# [Information supplied]
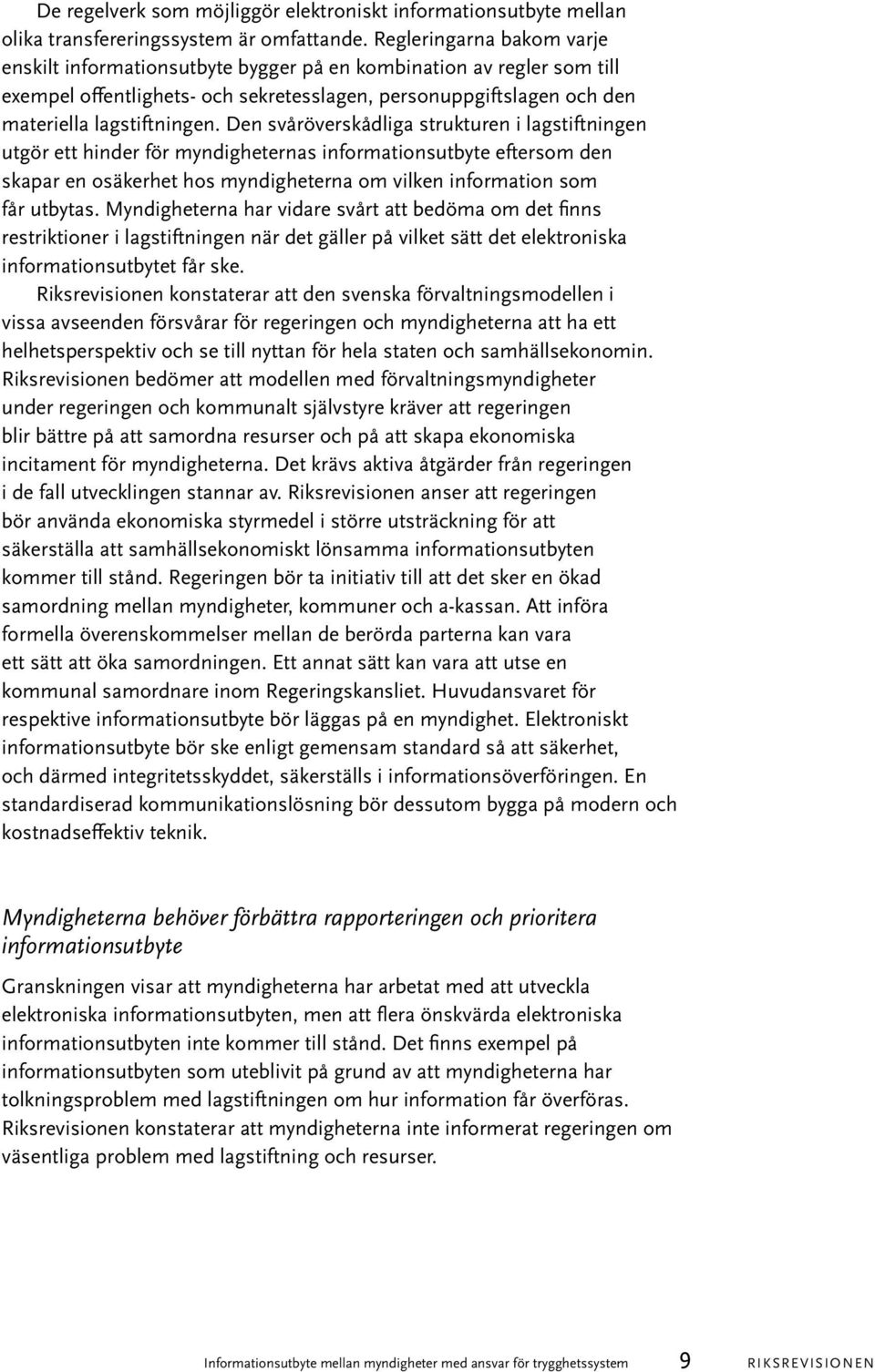 Den svåröverskådliga strukturen i lagstiftningen utgör ett hinder för myndigheternas informationsutbyte eftersom den skapar en osäkerhet hos myndigheterna om vilken information som får utbytas.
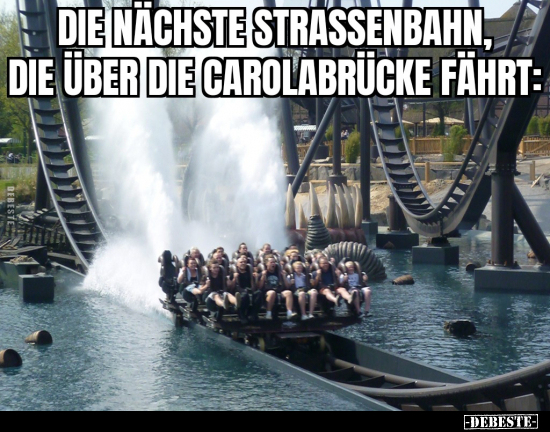 Die nächste Strassenbahn, die über die Carolabrücke.. - Lustige Bilder | DEBESTE.de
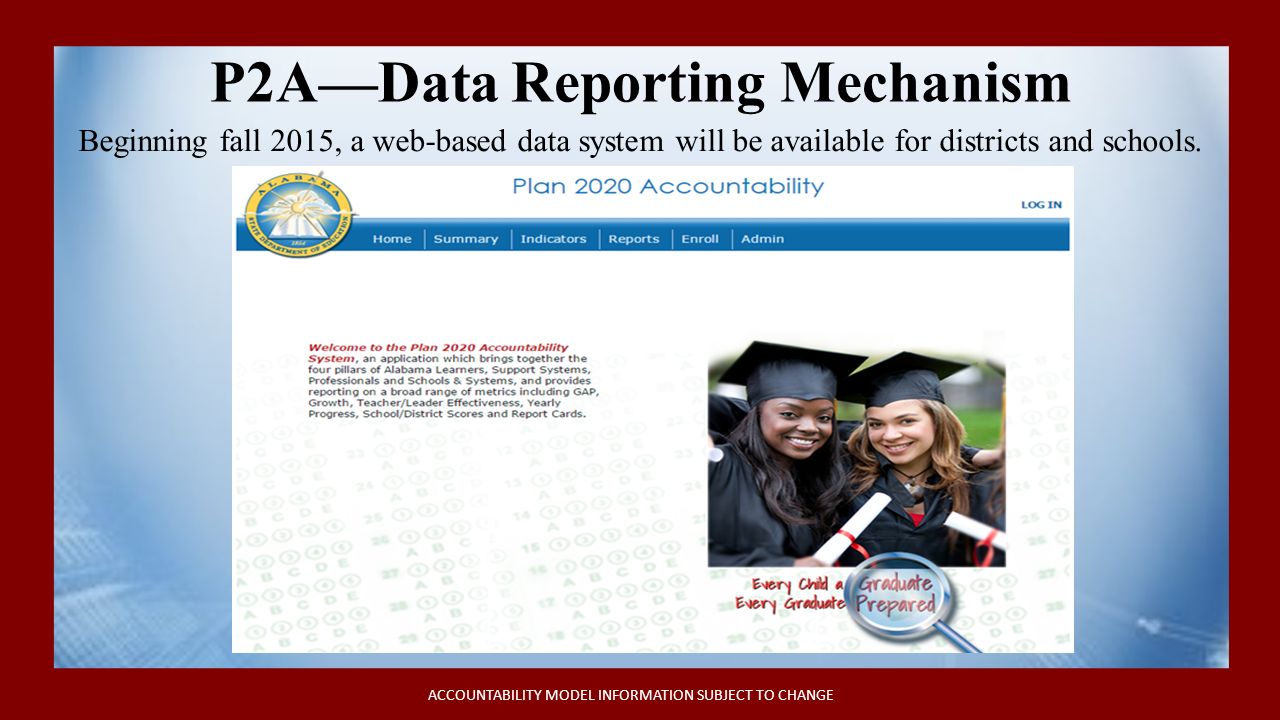 P2A—Data Reporting Mechanism Beginning fall 2015, a web-based data system will be available for districts and schools.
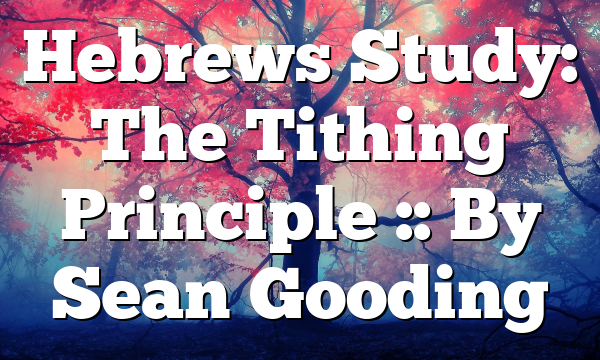 Hebrews Study: The Tithing Principle :: By Sean Gooding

# [Aim of the exercise]
Precisely the lines from the one containing "P2A—Data Reporting Mechanism" to the end of the data above, both included, should be printed; leave the pictures out.

# [Final answer]
 P2A—Data Reporting Mechanism Beginning fall 2015, a web-based data system will be available for districts and schools.
 Hebrews Study: The Tithing Principle :: By Sean Gooding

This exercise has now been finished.